While the IC’s research organization looks into adding security to cloud environments, in the here and now, intelligence agencies are sharing more data.
The National Background Investigations Bureau (NBIB) was born out of a scandal at the Office of Personnel Management. Now OPM wants to make sure it has the necessary IT to function properly in securing federal workers’ records.
In an exit memo earlier this month, outgoing OPM Director Beth Cobert spelled out the agency’s goals for NBIB, which took over at the start of October 2016 as the agency responsible for processing federal background checks for OPM. At the time, outgoing Defense Department CIO Terry Halvorsen said it would take 12 to 18 months to get the NBIB’s secure, back-end IT architecture, which will be managed by the DOD, actually up and running.
As of Oct. 1, NBIB absorbed the existing mission, functions, and personnel of OPM’s Federal Investigative Services. The White House named Charles Phalen Jr. as NBIB’s first director, and he brings a strong security pedigree to the job. Phalen served as director of security for the Central Intelligence Agency from 2007 to 2011, then took over as vice president of corporate security at Northrop Grumman from 2011 to April 2016.

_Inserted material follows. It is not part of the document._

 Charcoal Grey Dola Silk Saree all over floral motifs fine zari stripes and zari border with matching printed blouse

NBIB, a semiautonomous agency housed in OPM, was unveiled in January 2016 in the wake of OPM breaches that resulted in the theft of the personal information of more than 22.1 million current, former and potential federal employees. Although inside OPM, the DOD has been put in charge of the IT systems and security for the bureau.

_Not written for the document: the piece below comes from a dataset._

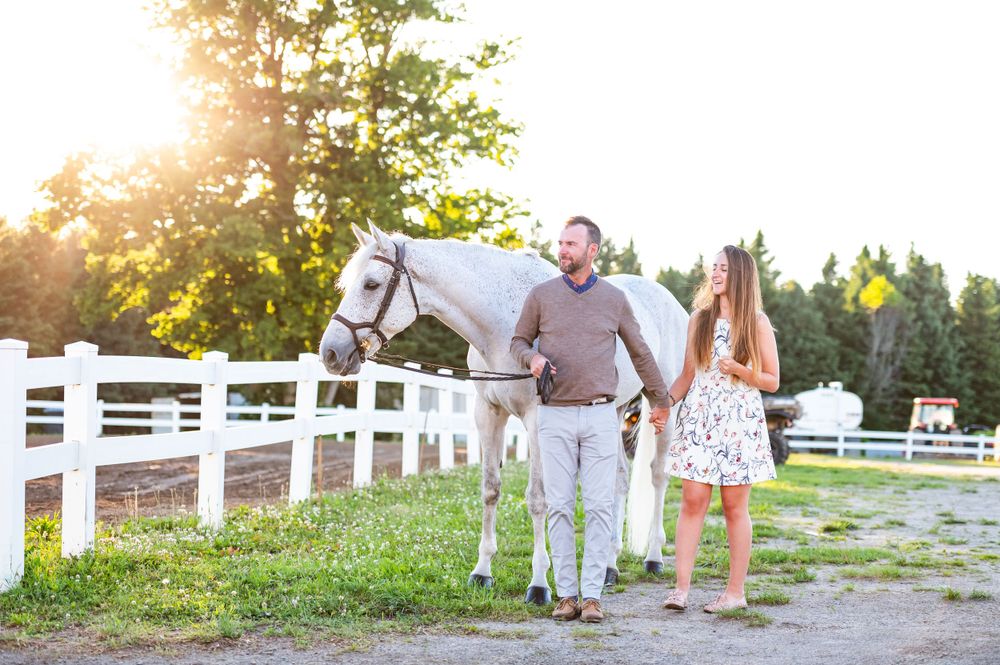 Couple walking with a white horse along white fence at sunset on farm property.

In her memo, Cobert noted that “to leverage the latest technology, protect sensitive information, and best defend against evolving threats, NBIB’s IT systems will be designed, secured, and operated by DOD.”
NBIB will leverage DOD’s cybersecurity expertise to protect its systems, Cobert said. As OPM transitions to the more secure systems, DOD and OPM have been collaborating to enhance the security of OPM’s legacy networks, Cobert said.
To help background investigators capture relevant information and complete their work efficiently, NBIB will “streamline its internal business processes, embrace tools that enhance automation, improve the ability to share information across government, and explore new and evolving information sources like social media,” Cobert said.
NBIB will also enhance customer service and “maintain formal and informal lines of communication to facilitate open dialogue with all stakeholders, including local law enforcement that provides much of the information relevant to the investigations, and the agencies that rely on the collected information to make decisions.”
Key elements of the modernized and strengthened background investigations system include continuous evaluation of security threats, Cobert said.
“The government needs a way to identify potential national security threats in real time,” she said, urging a push toward a system that “notifies officials of incidents or potential red flags immediately, rather than waiting for the next reinvestigation to identify risks.”
Such a model would “allow for re-evaluations based on risk rather than fixed timelines” and would “enable faster transitions for an increasingly mobile workforce as applicants and employees change jobs across government and industry.”
NBIB should also take a risk-based approach to vetting, Cobert said, adding that “decision-makers need to access the right information at the right time.”
“The digital environment has revealed new types of records, such as social media, that can generate information electronically,” Cobert said. “We need a way to access this information and a strategy that lets us determine which new sources are relevant to adjudications while respecting individual liberties and privacy. There are also still many highly relevant records, such as law enforcement records, that often can only be accessed manually. The government should pursue a strategy that better enables us to access both.”
NBIB should also “evolve, innovate, and make empirically-based decisions” because such a strategy is “critical for the process to continue to adapt to new and emerging threats.”
“We must analyze the impact of new policies and procedures, evaluate new methodologies, and identify and resolve potential challenges through coordination with stakeholders from across the government,” Cobert said.
Cobert urged the Trump administration to continue to push for NBIB to get off the ground. “Leadership within OPM, DOD, the Office of the Director of National Intelligence, and the Office of Management and Budget will need to continue close collaboration through the Performance Accountability Council and prioritize this important work within their agencies,” she said.
NBIB should also focus on reducing the backlog of investigations and “continue to diligently execute initiatives to streamline business processes, increase automation, add investigative resources, and improve the way information is verified and shared.”
Cobert also said that “new systems must be built using an IT strategy informed by the needs of stakeholders across government and informed by best practices. In addition to securing the sensitive data collected in the investigations, improvements to the IT systems can make the background investigation processes more efficient, nimble and responsive.”